Wednesday, August 28, 2013

Crab Stir-Fry


 

This recipe uses my favorite type of crab, Dungeness. Growing up in Northern California, I used to love when crab came into season. The sweet light taste of crab makes my mouth water.

Now living on the other side of the country this type of crab is hard to come by and then you pay about $15.00 a pound for it.
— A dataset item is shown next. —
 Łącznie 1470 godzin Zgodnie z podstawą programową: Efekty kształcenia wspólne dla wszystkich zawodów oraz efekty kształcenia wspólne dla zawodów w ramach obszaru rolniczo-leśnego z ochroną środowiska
Paying that much for crab is there is only way to eat it, steamed and served with butter.

For this recipe, you can use other varieties such as Blue Crab from the East Coast or imitation crab.

 
This recipe only makes two servings.


Ingredients

1 tablespoon Reduced Sodium Soy Sauce

1 tbsp Ginger Root

1 lb Dungeness Crab

4 stalk Young Green Onions (Tops Only)

2 tbsp Dry Sherry (Sherry)

3 oz Baby Bok Choy

1 tbsp Corn Starch

2 tsp Grape seed Oil

1 cup, cooked White Rice

 

Directions

Pick through crabmeat, removing any pieces of cartilage. Cut green onions on the diagonal into slices. Peel and sliver ginger root. Slice bok choy, including greens. In a small bowl, mix cornstarch with 1-tablespoon water to form slurry. Combine soy sauce and sherry in small bowl.
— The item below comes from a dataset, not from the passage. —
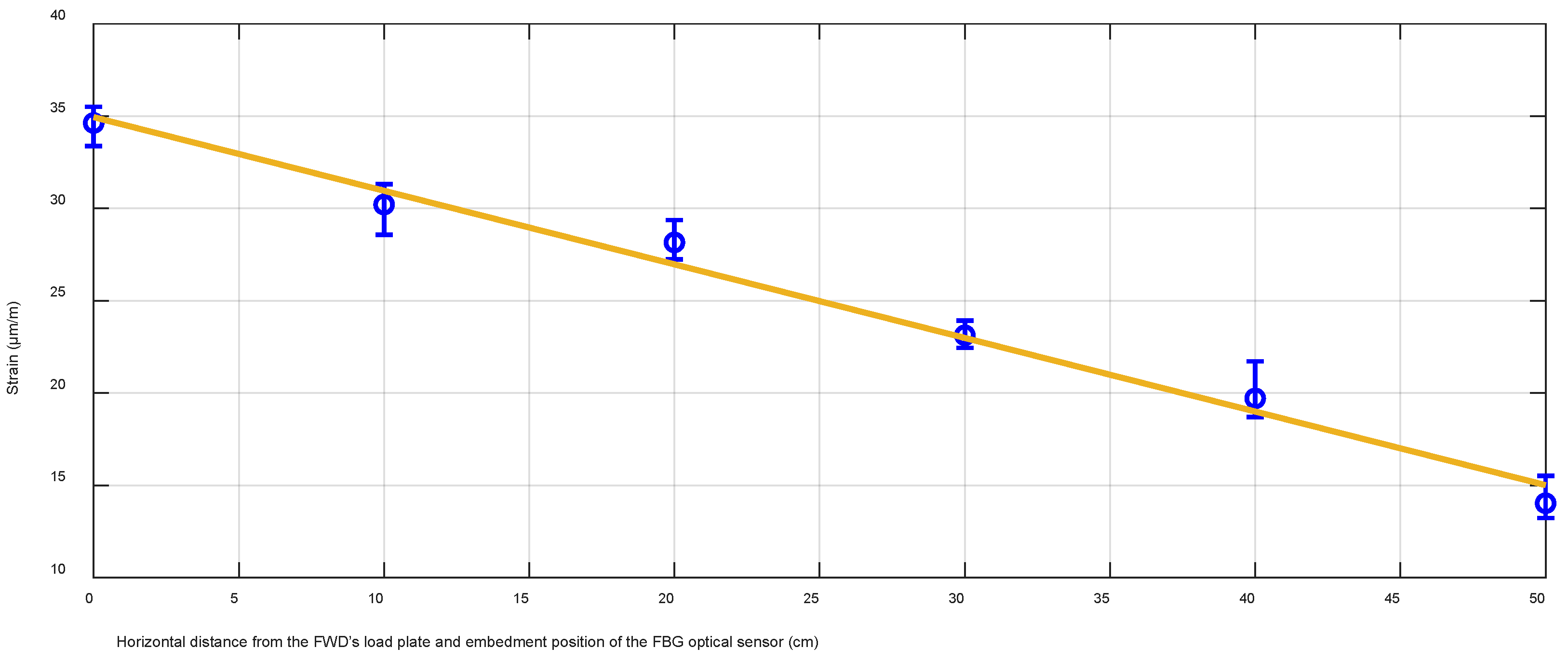 Sensors 22 04581 g008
Cook rice according to directions and set aside. Add oil to heated wok or sauté pan. Add crabmeat and ginger root; stir-fry about 1 minute over medium heat. Add green onion and bok choy; stir-fry a minute more. Stir in sherry mixture and bring to a boil. Reduce heat and simmer, covered, 2-3 minutes. Stir in cornstarch mixture to thicken and serve immediately over rice.